The Panama Papers are unlocking the financial paths several individuals and corporates have been using to cover their tracks and undertake in illegal business practices. They have also exposed the double speak of several world leaders. Featured in the list are the relatives of Chinese premier Xi Jinping, an avowed opposer of corruption and David Cameron who spoke vociferously against tax havens.

The ICIJ, the mover behind the Panama papers details the span of the papers.

The leaked data covers nearly 40 years, from 1977 through the end of 2015. It allows a never-before-seen view inside the offshore world — providing a day-to-day, decade-by-decade look at how dark money flows through the global financial system, breeding crime and stripping national treasuries of tax revenues.

Most of the services the offshore industry provides are legal if used by the law abiding. But the documents show that banks, law firms and other offshore players have often failed to follow legal requirements that they make sure their clients are not involved in criminal enterprises, tax dodging or political corruption. In some instances, the files show, offshore middlemen have protected themselves and their clients by concealing suspect transactions or manipulating official records.

It further highlights the role of major banks in this shadow, parallel system of banking.

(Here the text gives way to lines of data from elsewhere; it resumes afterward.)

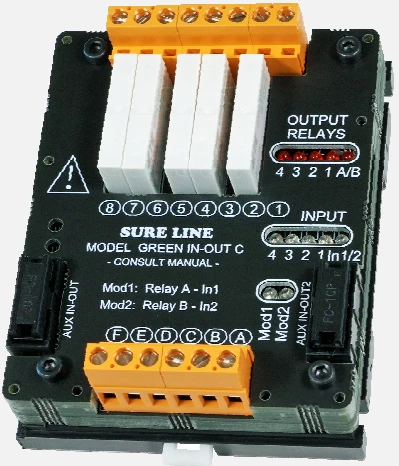 [Imagen de] Módulo de Expansión de Entradas y Salidas
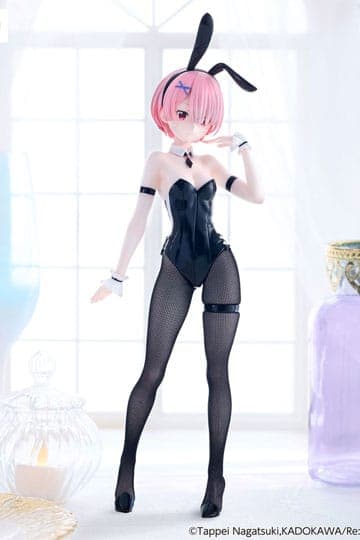 Re:Zero BiCute Bunnies PVC Statue Ram Bicolor Ver. 30 cm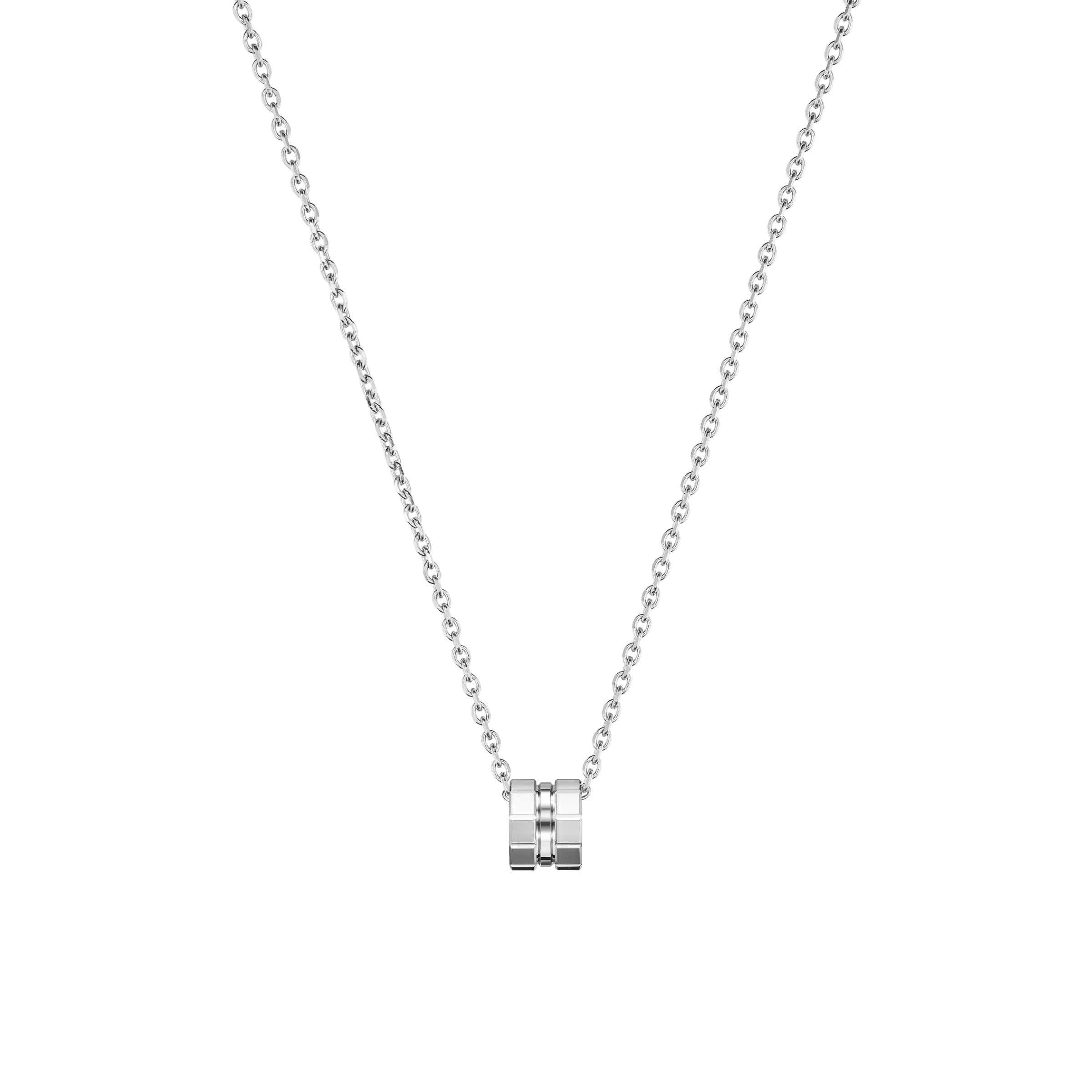 Chopard Ice Cube 18ct White Gold Pendant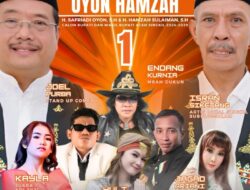Pilkada Singkil, Pasangan Oyon-Hamzah Akan Hadirkan Artis Jakarta di Kepulauan Banyak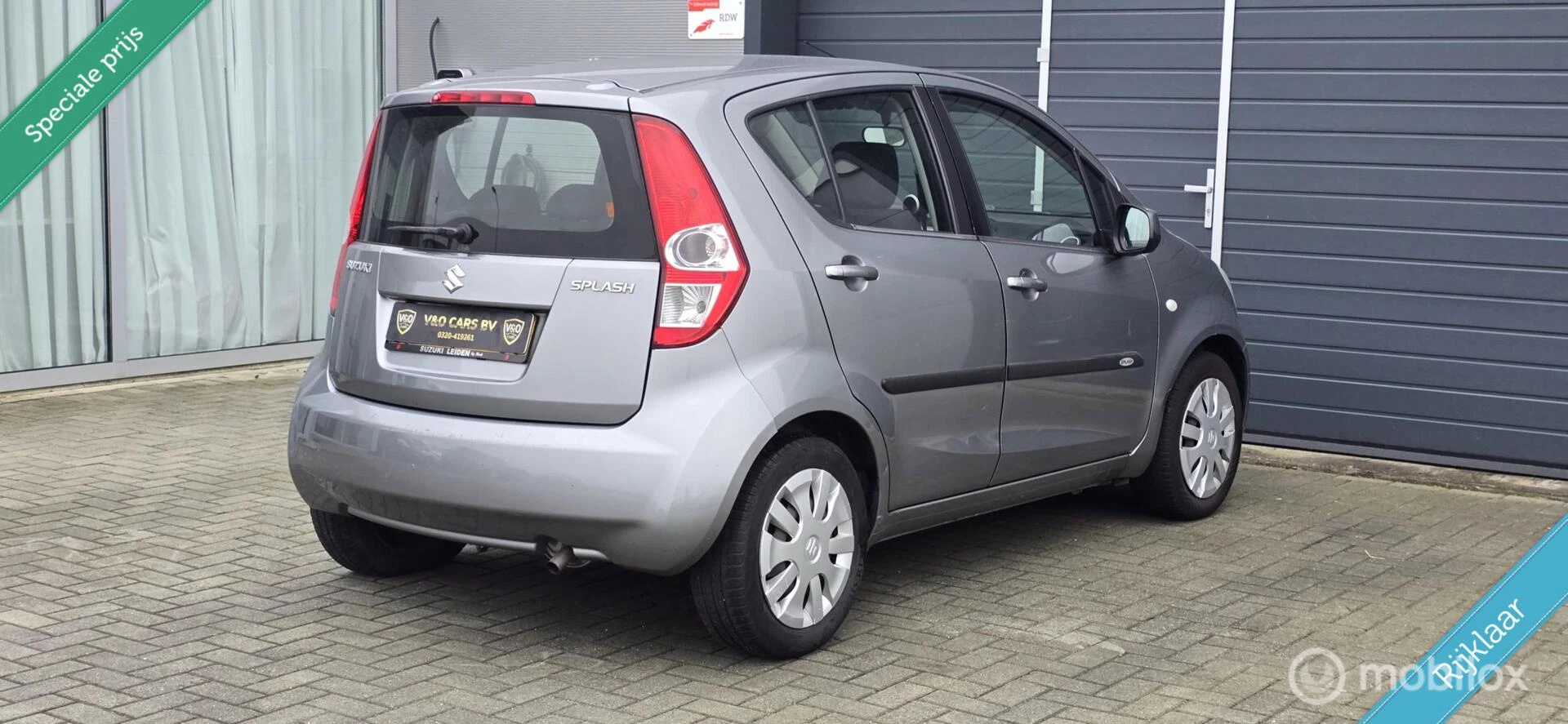 Hoofdafbeelding Suzuki Splash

The documents make it clear that major banks are big drivers behind the creation of hard-to-trace companies in the British Virgin Islands, Panama and other offshore havens. The files list nearly 15,600 paper companies that banks set up for clients who want to keep their finances under wraps, including thousands created by international giants UBS and HSBC.

The records reveal a pattern of covert maneuvers by banks, companies and people tied to Russian leader Putin. The records show offshore companies linked to this network moving money in transactions as large as $200 million at a time. Putin associates disguised payments, backdated documents and gained hidden influence within the country’s media and automotive industries, the leaked files show.

To better understand how shadow banking employed by Mossack Fonseca and how it impacts common citizens the world everywhere take a look at his video by ICIJ titled The Panama Papers: Victims of Offshore

Come 9th May, ICIJ intends to reveal a searchable database with information on more than 200,000 offshore entities. It links people across 200 territories. Users can access the searchable database and see for themselves the multitude of networks that were in play, including records of true owners. The database will further include 100,000 additional entities that were a part of the investigation by ICIJ.